» PROBLEM DETAILS
Could the lines from the line bearing "Pearl Bloom – Embroidered 2PC Pret Set" to the end of the records below be copied exactly, with the pictures left out and no other lines added?

(Web page caption snippets)
▼▼▼

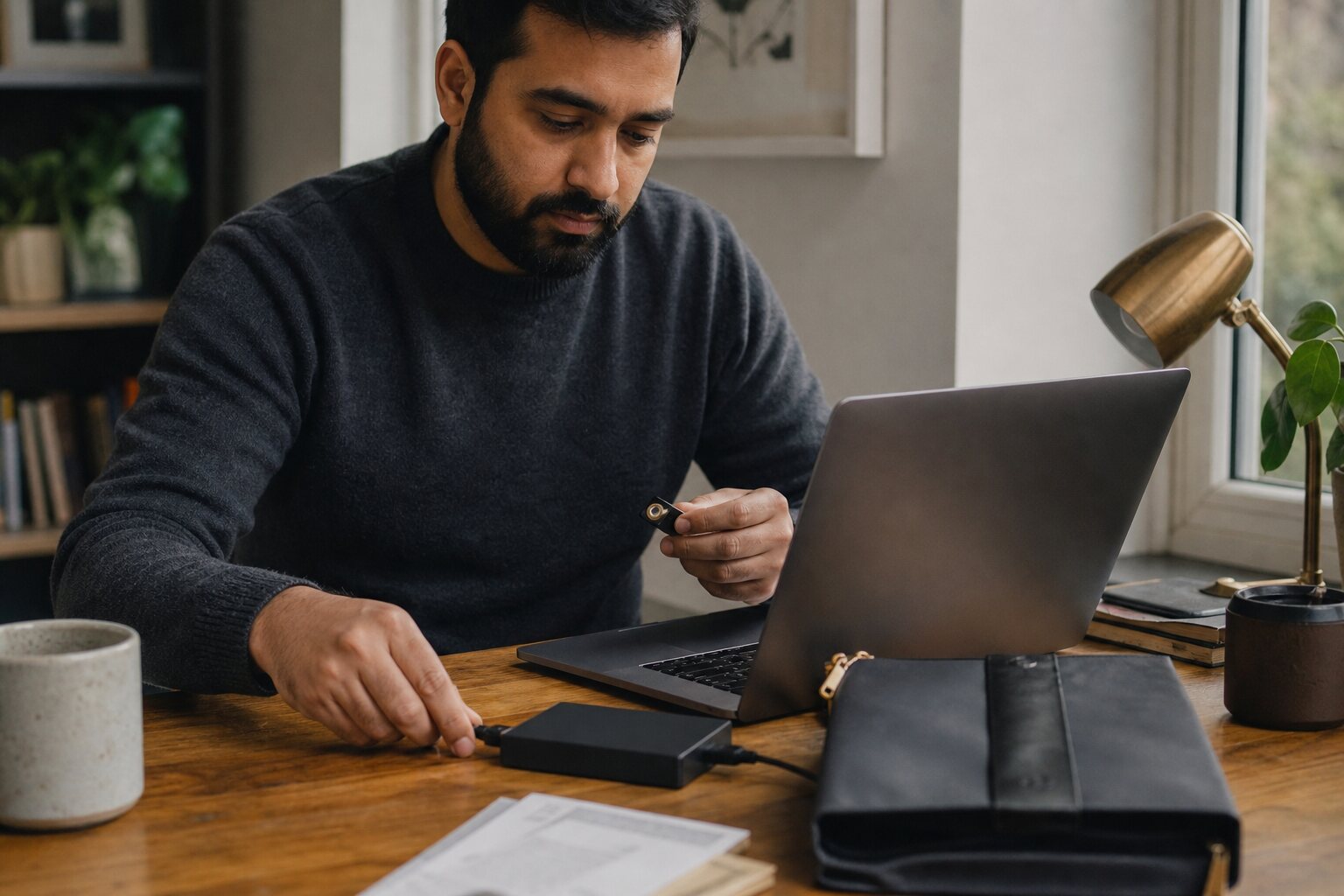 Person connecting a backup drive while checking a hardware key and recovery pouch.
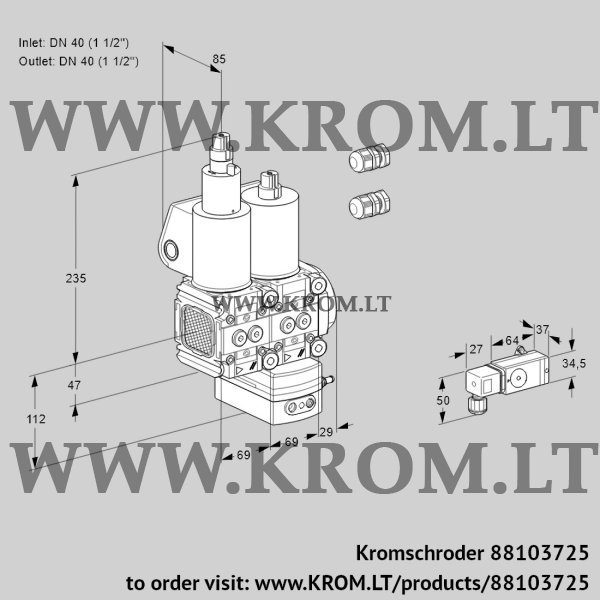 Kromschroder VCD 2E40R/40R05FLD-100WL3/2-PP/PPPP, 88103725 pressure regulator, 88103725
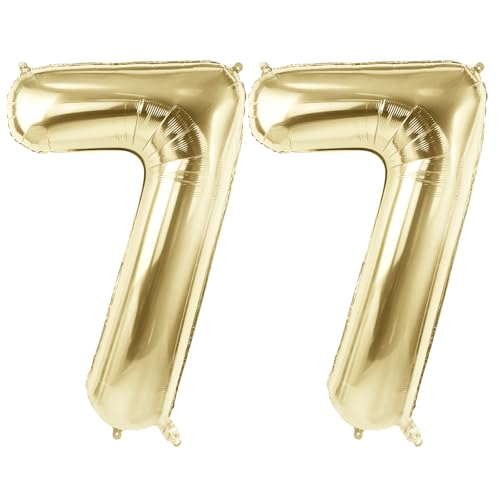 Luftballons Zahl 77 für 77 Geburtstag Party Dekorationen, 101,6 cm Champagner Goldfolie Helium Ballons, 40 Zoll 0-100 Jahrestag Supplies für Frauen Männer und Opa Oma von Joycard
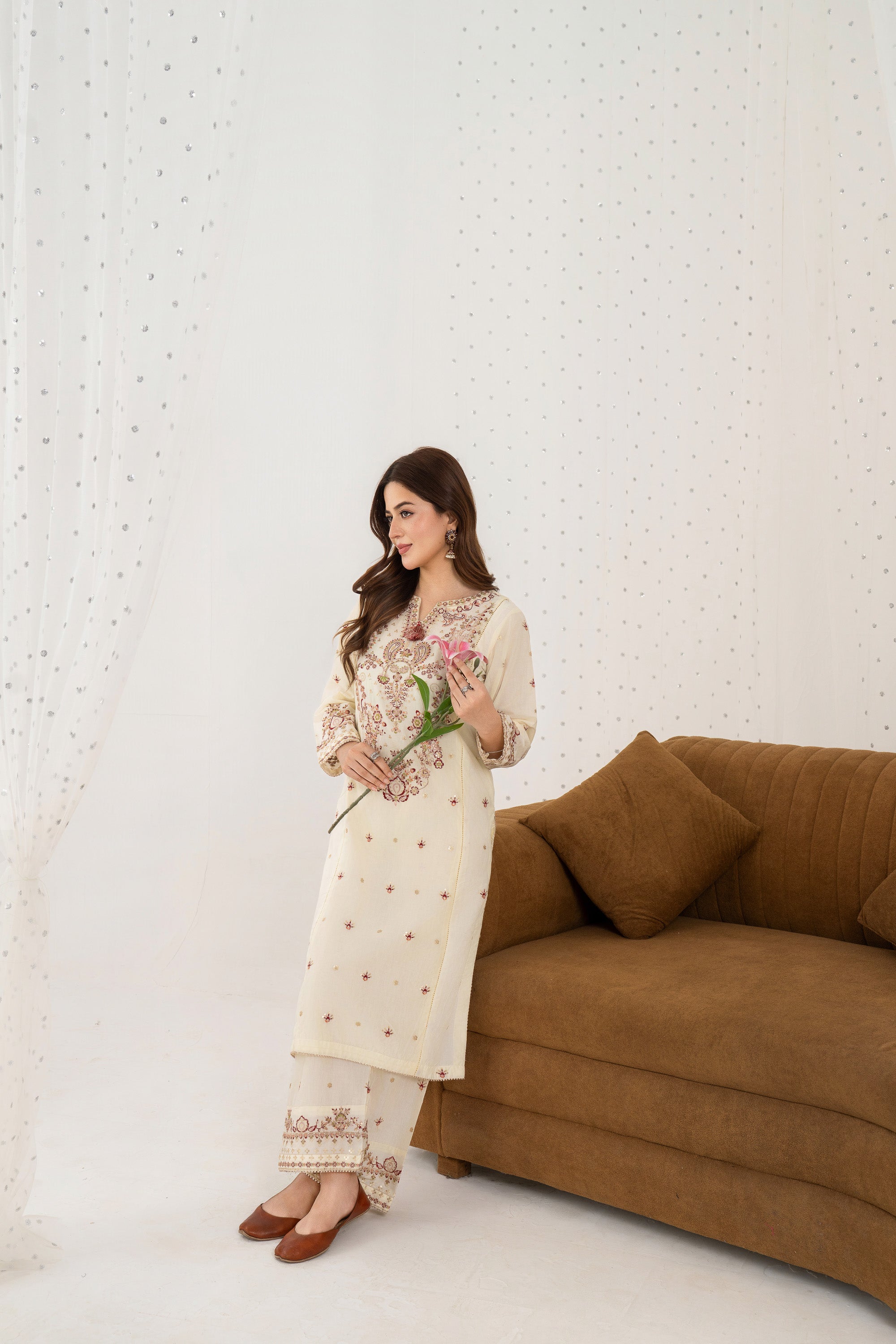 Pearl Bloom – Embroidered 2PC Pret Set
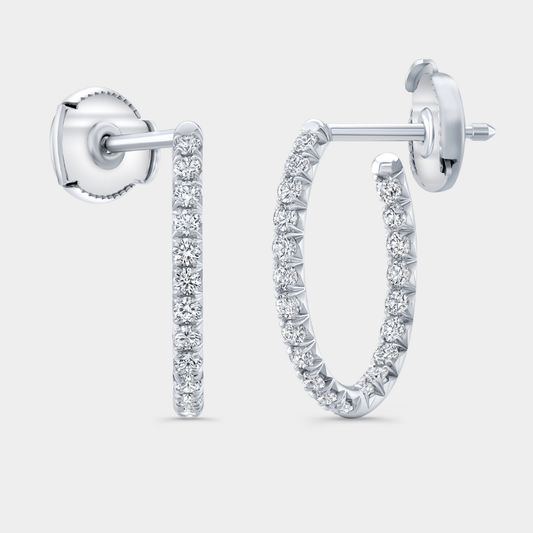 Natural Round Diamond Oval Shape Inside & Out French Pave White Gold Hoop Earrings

▲▲▲

» TASK ANSWER
 Pearl Bloom – Embroidered 2PC Pret Set
 Natural Round Diamond Oval Shape Inside & Out French Pave White Gold Hoop Earrings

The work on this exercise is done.